Python Forum
Thread Rating:
  • 0 Vote(s) - 0 Average
  • 1
  • 2
  • 3
  • 4
  • 5
Can not download the PDF
#11
Quote:You most look at the contend and see if it's the same content as logged in browser.
I've checked the content, it is the same as the login page.

Quote:See if download link is in content or if you need to navigate more.
No, the download link is not in the content. Does this mean the login is not successful?

(Aug-31-2017, 12:19 PM)Larz60+ Wrote:
Quote:It seems it is better than before since the "print(p.content)" print much more content than before.
Please show what you are talking about.
It's difficult to visualize if you don't provide that.

The content is exact the same as in the login page:
http://technical.traders.com/sub/sublogin2.asp

Seems I can not upload a file here in the forum. I would like to upload it since the content is quite long. If the admin doesn't mind, I can copy here.

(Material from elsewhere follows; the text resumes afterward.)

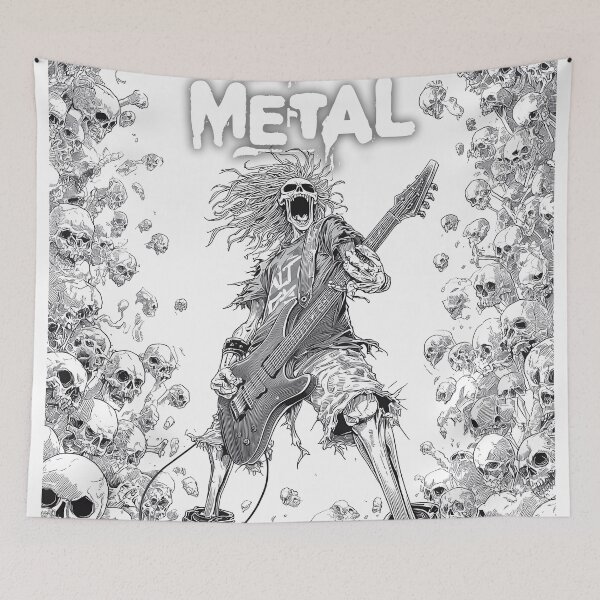 Item preview, Zombie Metal II - White edition - T shirt Music Collection  designed and sold by SubliHardDraws.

Besides I want to know if my code for download as below correct?

...
    # Download code
    with open(fileName, "wb") as pdf:
        pdf.write(r.content)
...
Reply
#12
Quote:The content is exact the same as in the login page:
http://technical.traders.com/sub/sublogin2.asp
You have changed my code,EMAIL is wrong it's called name in log in form.
# Fill in your details
payload = {
'EMAIL': '[email protected]',
'LASTNAME': 'MyLastname'
}
Change to:
payload = {
'name': '[email protected]',
'LASTNAME': 'MyLastname'
}
 
(Aug-31-2017, 02:06 PM)thomas2004ch Wrote: Besides I want to know if my code for download as below correct?
Yes,an open sample pdf test.
import requests

file_name = 'pdf_sample.pdf'
file_url = 'http://che.org.il/wp-content/uploads/2016/12/pdf-sample.pdf'
url_get = requests.get(file_url)
with open(file_name, "wb") as pdf:
    pdf.write(url_get.content)
Reply
#13
Sorry I forgot to tell you I did use your code 'name'. But since it doesn't work, so I changed it to 'EMAIL'. But now I change it back to 'name'. It doesn't help.

Here again my whole code:

import requests

login_url = (see outside code-block below)
file_url = (see outside code-block below)
fileName = (see outside code-block below)

# Fill in your details
payload = {
'name': '[email protected]',
'LASTNAME': 'MyLastname'
}
 
# Use "with" to ensure the session context is closed after use.
with requests.Session() as s:
    p = s.post(login_url, data=payload)
    # see if successful login
    print(p.content)
 
    # An authorized request
    r = s.get(file_url, stream=True)
    # Download code
    with open(fileName, "wb+") as pdf:
        pdf.write(r.content)
    
p.close()    


login_url = 'http://technical.traders.com/sub/sublogin2.asp'
file_url = 'http://technical.traders.com/archive/articlefinal.asp?file=\V26\C07\\131INTR.pdf'
fileName = 'D:/eBooks/Stocks_andCommodities/2008/Jul/mypdf.pdf'

I guess the login still not successful yet?
Reply
#14
What response are you getting when you try to login?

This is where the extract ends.